§ **WORK REQUEST**:
Return, without pictures, the lines from the start of the data through the one that contains "Hey guys, SushiStu".

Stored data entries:
Content starts
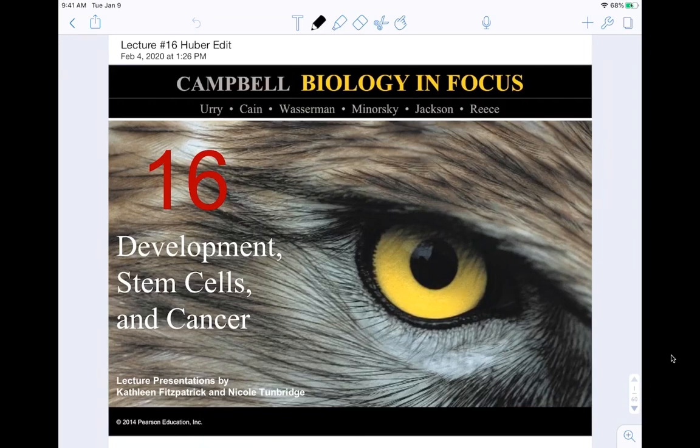Hey guys, welcome back. Today we are going to be covering chapter 16 over development, stem cells and cancer from Campbell's Biology in Focus.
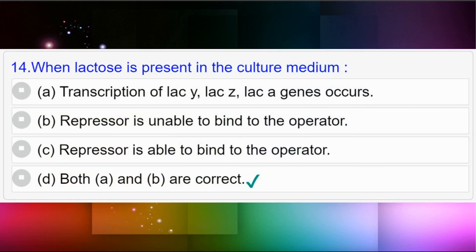Question number fourteen: When lactose is present in the culture medium — option A: transcription of LAC Y, LAC Z, LAC genes occurs; option B: repressor is unable to bind to the operator; option C: repressor is able to bind to the operator; option D: both option A and option B are correct. Answer to question number fourteen is option D: both option A and option B are correct.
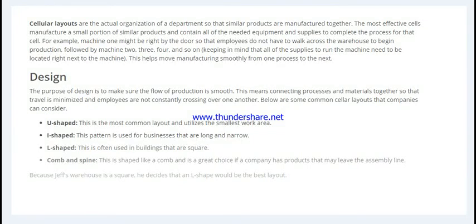The four design types in a cellular layout are as follows. First, cellular layout is the actual organization of a department — how you arrange it so that similar products are done together. Effective cells manufacture a small portion of similar products and contain all the needed equipment and supplies to complete the process for that product.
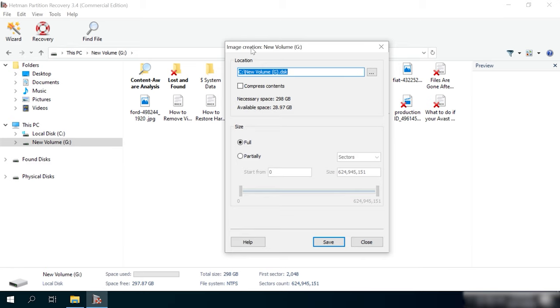You can use this program for data recovery in any of the following cases: to recover files lost after removing or formatting partitions, system errors, virus attacks, and other scenarios that involve loss of data; to recover data from internal and external hard disks, USB storage devices, SD memory cards, digital cameras, and other devices used to store information; and to recover lost photos, videos, music, documents, and other file types.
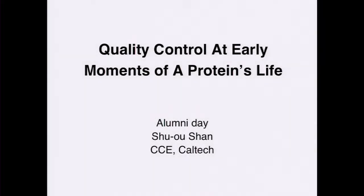The first speaker is Shuo Shan, a professor of chemistry at Caltech. She did her bachelor's degree at University of Maryland, then her PhD in the biochemistry department at Stanford working with Dan Hirschlag. She then went to UCSF to do her postdoc, where she worked with Peter Walter. In Peter Walter's lab she began to undertake very highly quantitative studies on how protein molecules are targeted to the right part of the cell after they're synthesized.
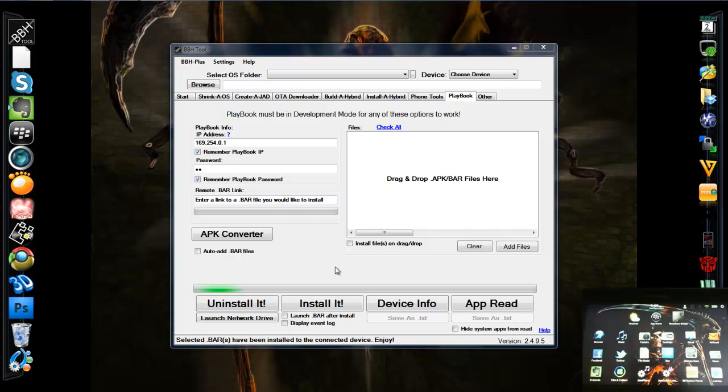Hey guys, SushiStu back on here today. I'm going to do a tutorial on how to install the new Degen Sega Genesis or Mega Drive emulator.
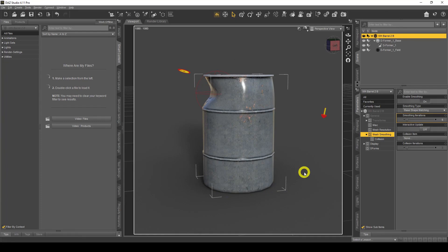Something we can use on our existing props — we can use deformers on any props you've got. You can even use it on Genesis characters: Genesis 3, Genesis 8, whatever characters you have, male or female. It doesn't matter. If you've got dragons, zombies, whatever — you can use it on that. I'm going to show you now how we can do what I did with the thumbnail with the stretchy skin.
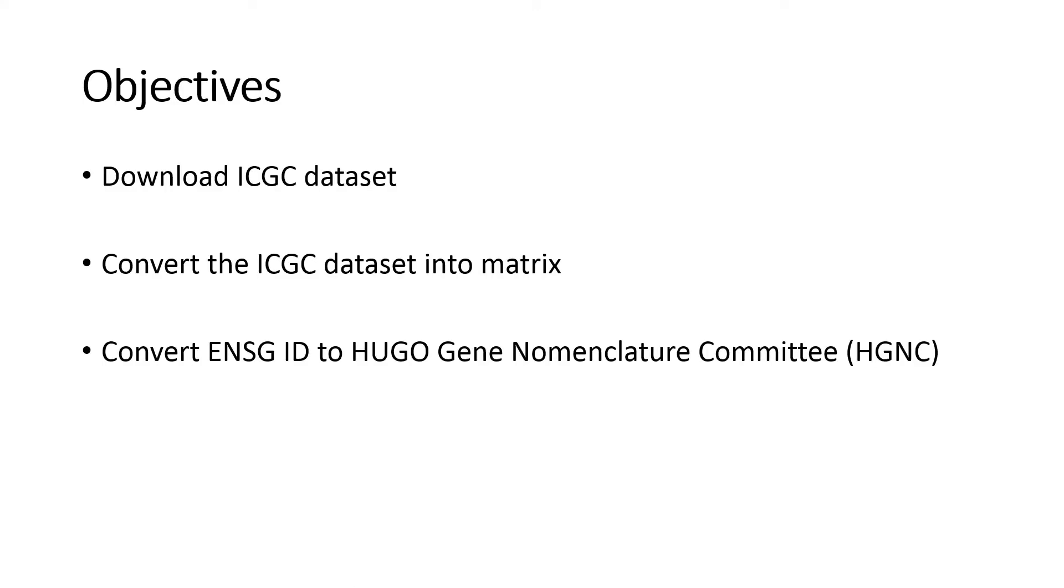In this exercise, we will explore how to download the genomic and clinical dataset from the International Cancer Genome Consortium database, convert the data into a matrix table, and convert the Ensemble Annotation to the Human Genome Organization.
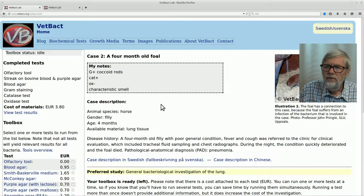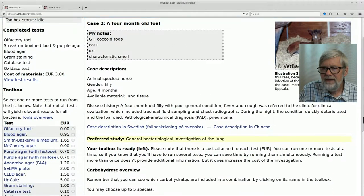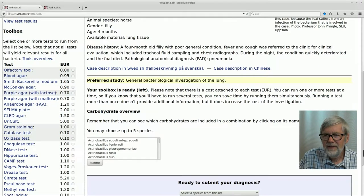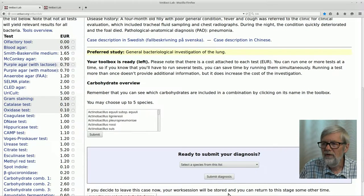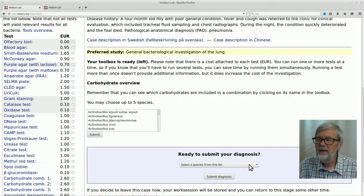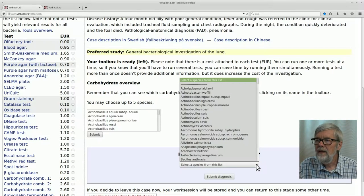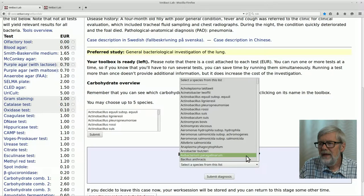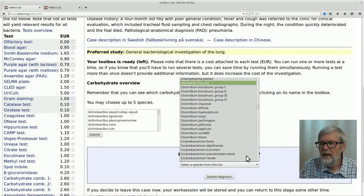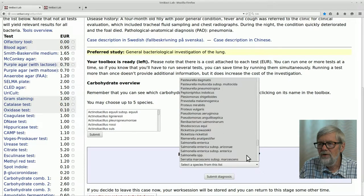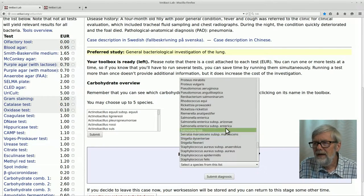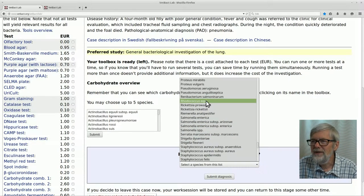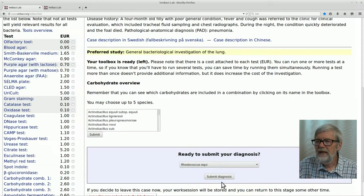Maybe you already suspect what bacteria this could be, but probably it is still a guess. I think it could be worthwhile to make a guess already now. You select the correct species from the list of all bacteria in VetPact. Since it is a foal and given the result of gram staining, you may suspect that this could be Rhodococcus equi. Let's select Rhodococcus equi — I'm not absolutely sure, it could perhaps be something else — but let's take a chance and submit the diagnosis.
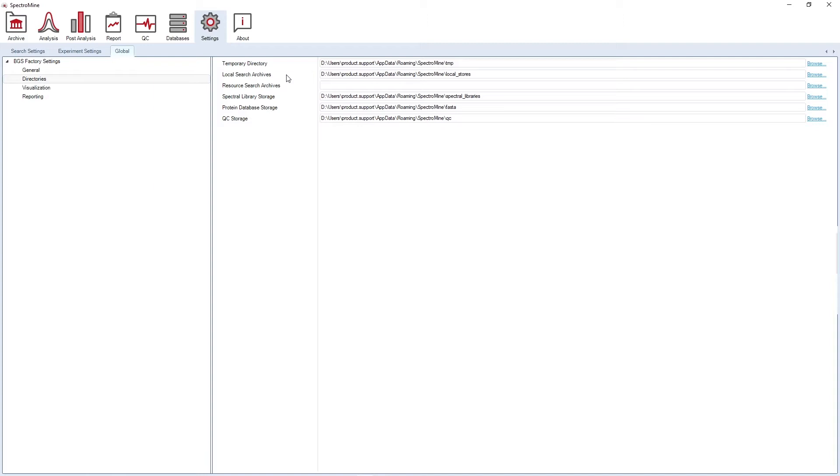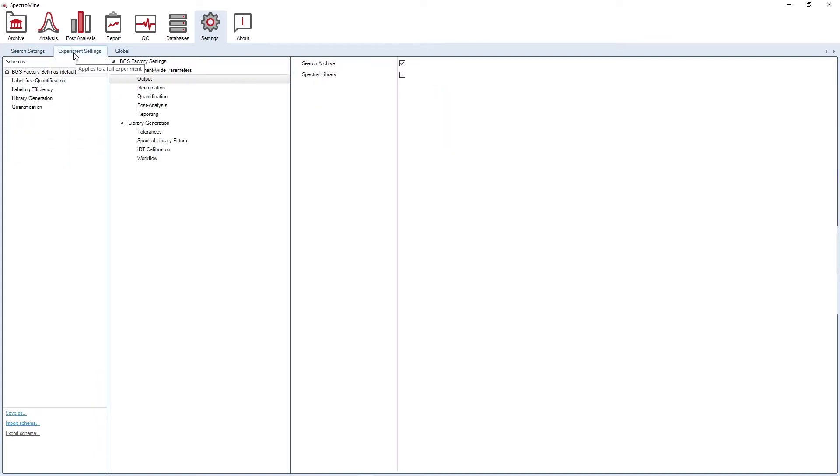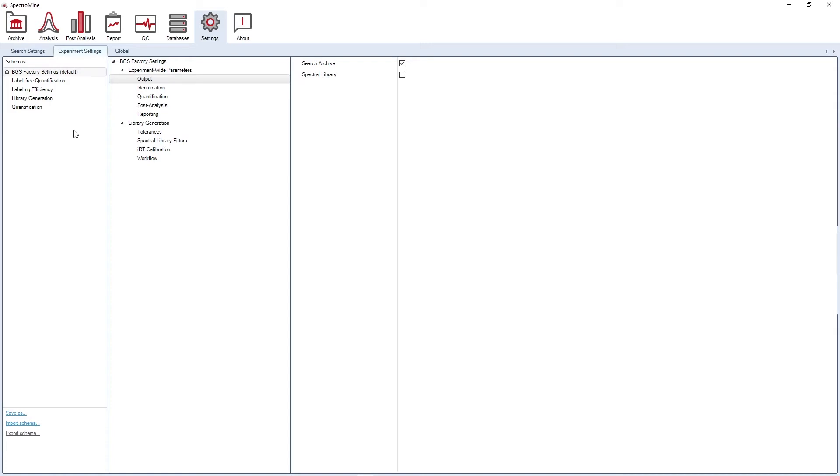Under settings, you can also find the parameters for your analysis such as the search settings that are helpful for the peptide search, as well as the experiment settings, which are pre-made depending on the workflow that you would like to perform. Here, you can also create your own setting schemas. And it is important to notice that the settings are also displayed when you perform an analysis and can be modified there.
Content ends
§ **EXERCISE RESPONSE**:
Hey guys, welcome back. Today we are going to be covering chapter 16 over development, stem cells and cancer from Campbell's Biology in Focus.
Question number fourteen: When lactose is present in the culture medium — option A: transcription of LAC Y, LAC Z, LAC genes occurs; option B: repressor is unable to bind to the operator; option C: repressor is able to bind to the operator; option D: both option A and option B are correct. Answer to question number fourteen is option D: both option A and option B are correct.
The four design types in a cellular layout are as follows. First, cellular layout is the actual organization of a department — how you arrange it so that similar products are done together. Effective cells manufacture a small portion of similar products and contain all the needed equipment and supplies to complete the process for that product.
You can use this program for data recovery in any of the following cases: to recover files lost after removing or formatting partitions, system errors, virus attacks, and other scenarios that involve loss of data; to recover data from internal and external hard disks, USB storage devices, SD memory cards, digital cameras, and other devices used to store information; and to recover lost photos, videos, music, documents, and other file types.
The first speaker is Shuo Shan, a professor of chemistry at Caltech. She did her bachelor's degree at University of Maryland, then her PhD in the biochemistry department at Stanford working with Dan Hirschlag. She then went to UCSF to do her postdoc, where she worked with Peter Walter. In Peter Walter's lab she began to undertake very highly quantitative studies on how protein molecules are targeted to the right part of the cell after they're synthesized.
Hey guys, SushiStu back on here today. I'm going to do a tutorial on how to install the new Degen Sega Genesis or Mega Drive emulator.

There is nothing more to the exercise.